CHS invasive plant workshop

Japanse duizendknoop, aka Japanese knotweed, a common invasive plant. Photo provided

CAVENDISH, Vt. – When Japanese knotweed is mentioned, people often cringe, and tell tales of how it’s taken over parts of their yard and is impossible to kill. However, it’s long been part of traditional medicine in Asia for centuries, as a treatment for such ailments as inflammation, infections, skin burns, and, most recently, Lyme disease.

While knotweed was brought to the Americas in the 1800s as an ornamental plant, other plants that had medicinal properties were brought to the Americas by the colonists. In addition, the “seed trade” was big business, with middle- and upper-class landowners buying plants from around the world to study in their back yards.

On Saturday, Oct. 26, the Cavendish Historical Society (CHS) will host their third workshop on plants, this time focusing on the invasives. This talk will feature garlic mustard, plantain, barberry, eucalyptus, ragweed, and other plants that were introduced or traveled with settlers. We’ll be exploring plants that can do damage to existing ecosystems, yet also offer medicine.

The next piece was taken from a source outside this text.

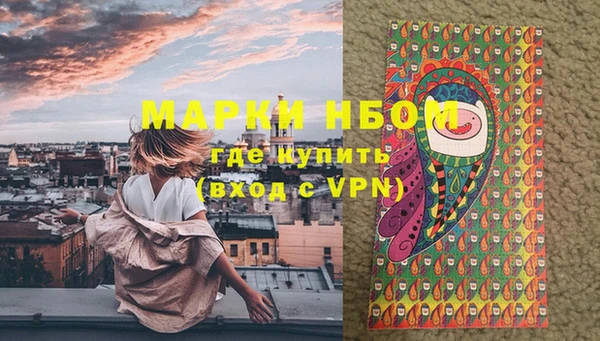 COCAINE Белокуриха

The workshop will take place at the Cavendish Town Library, 573 Main Street, Proctorsville, starting at 2 p.m. Dr. Charis Boke, a member of the Dartmouth College faculty in anthropology, will once again be speaking. Boke is currently writing “Poison, Power, and Possibility: Building Relations with Medicinal Plants,” which will explore the poetics, politics, and practices of contemporary herbalists in North America, leaning on ethnographic research, botanical histories, and lived experience to examine what it takes to remedy what ails us. Boke was involved in helping with the Benjamin Rush Medicinal Garden at the Mutter Museum in Philadelphia.